You can't reduce that ratio much

pi*r^2 + pi*r*sqrt(r^2+h^2) : 9*pi*r^2 + 3*pi*r*sqrt(9*r^2+h^2)
r^2 + r*sqrt(r^2+h^2) : 9*r^2 + 3*r*sqrt(9*r^2+h^2) // remove a factor of pi
r + sqrt(r^2+h^2) : 9*r + 3*sqrt(9*r^2+h^2) // remove a factor of r

That's about the best you can do unless you have more information.

 

[zerocool1]

Originally posted by: Kyteland
I don't know if there is a way to isolate the radius, because the slant is a function of the radius.

The area of a cone is pi*r^2 + pi*r*sqrt(r^2+h^2)
If you triple the radius you end up with 9*pi*r^2 + 3*pi*r*sqrt(9*r^2+h^2)

You can't reduce that ratio much

pi*r^2 + pi*r*sqrt(r^2+h^2) : 9*pi*r^2 + 3*pi*r*sqrt(9*r^2+h^2)
r^2 + r*sqrt(r^2+h^2) : 9*r^2 + 3*r*sqrt(9*r^2+h^2) // remove a factor of pi
r + sqrt(r^2+h^2) : 9*r + 3*sqrt(9*r^2+h^2) // remove a factor of r

That's about the best you can do unless you have more information.

how is slant a factor of the radius? assuming a right triangle nothing else matters. ceteris paribus...

 

[Jschmuck2]

...yes...

 

[Kyteland]

Originally posted by: zerocool1
how is slant a factor of the radius? assuming a right triangle nothing else matters. ceteris paribus...

The slant value is a function of both the height and the radius. In a cone there are only two surfaces. The surface area is determined by adding the two together. The base is easy, it's just a circle with radius r. That's the pi*r^2 term.

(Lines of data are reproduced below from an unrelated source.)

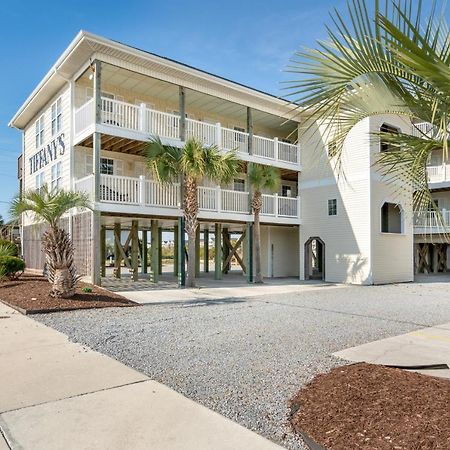 Hotel Sunset Bliss à Surf City Extérieur photo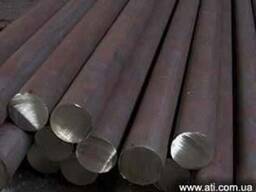 Купить круг стальной Ø10-150 мм.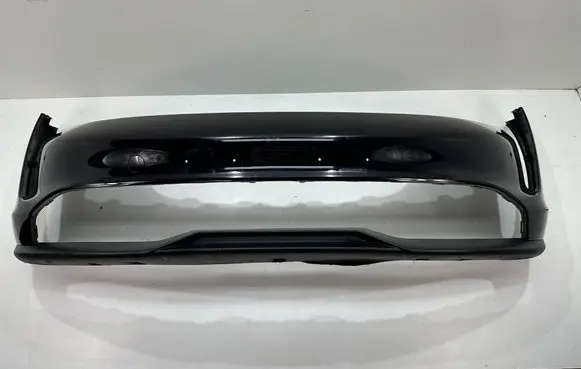 Porsche Taycan 9J1 Front bumper 9J1807221D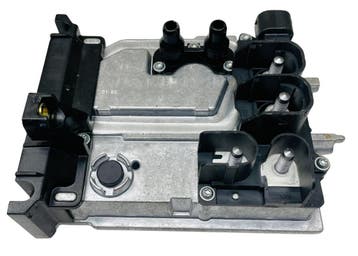Spanningsregelaar A0009002954 Mercedes, Verzenden, Nieuw, Mercedes-Benz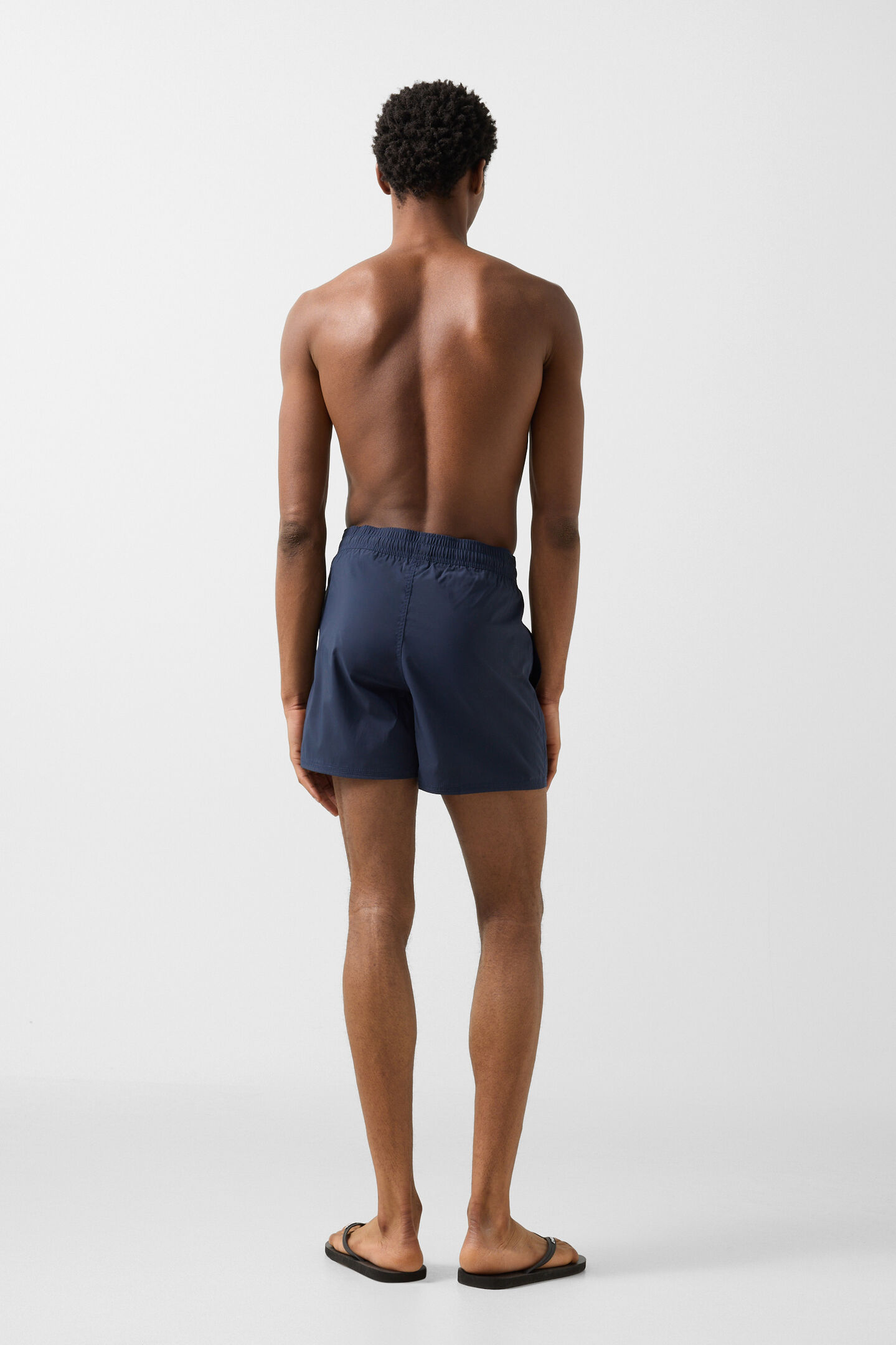 Nelson swim trunks Navy blue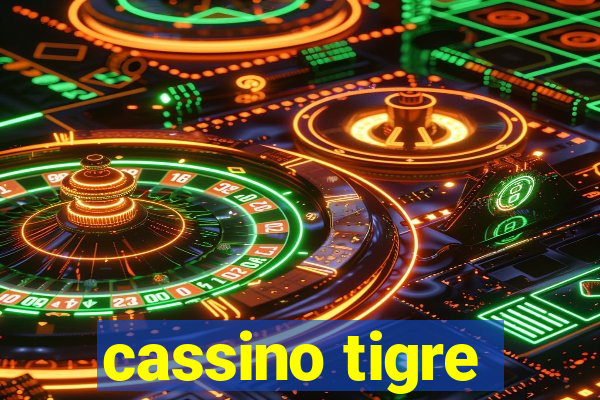 cassino tigre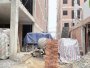 O2044 đất Vườn Lài Q12, SHR, Vuông, HXH, 4x17m, 5.x tỷ x nhỏ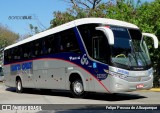 Viação Nasser 222115 na cidade de São Paulo, São Paulo, Brasil, por Felipe Pessoa de Albuquerque. Número da foto: #12826680.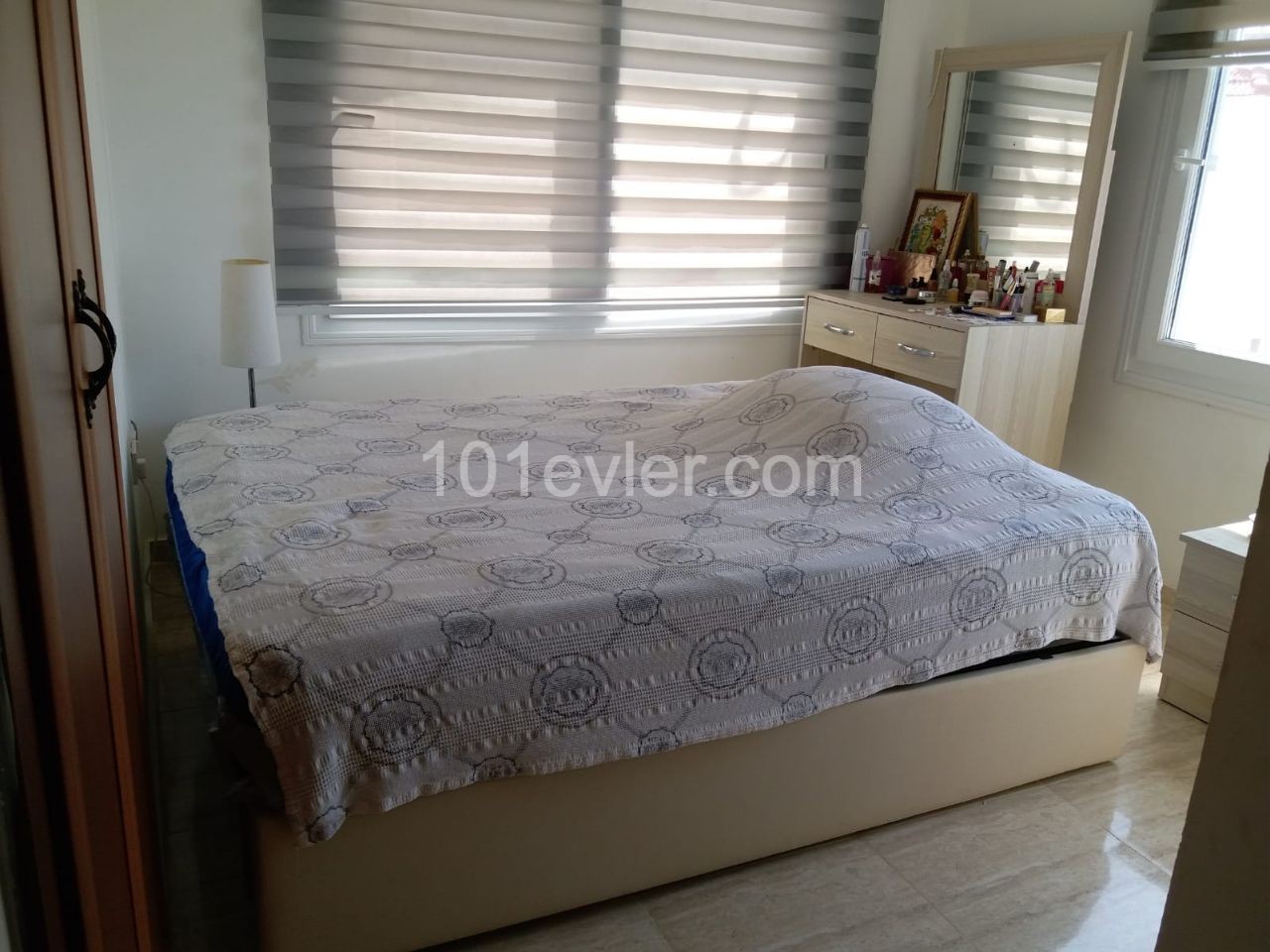 3+1 WOHNUNG ZUM VERKAUF MIT MEERBLICK IN KYRENIA LAPTA REF868 **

The other piece is the upper part of the cone. if you cut a straight line from the tip of the cone to the base and unfold it you end up with a partial circle, like the shape of pacman. The formula for the area of that shape is r*l/2, where r is the radius l is the length of the partial circumference. In the case of a right cone, that works out to be pi*r*sqrt(r^2+h^2). sqrt(r^2+h^2) is the hypotenuse of the right triangle formed by the base and the height of the cone.

So the formula for the surface area of a right cone works out to pi*r^2 + pi*r*sqrt(r^2+h^2), and theres no way to isolate the r term in that equation.

 

[bladder23]

I answered the question with an answer of

"A factor of 6"

Would I be correct then?

edit: oh noes, i think am wrong. the answer is 3

 

[Kyteland]

The answer is neither 6 nor 3. It is:

(r,h) = (r + sqrt(r^2+h^2)) / (9*r + 3*sqrt(9*r^2+h^2))
so
(1,1) = 7.657
(3,5) = 6.555
(3,1) = 8.790

Edit: unless there was more information you didn't include in your original description.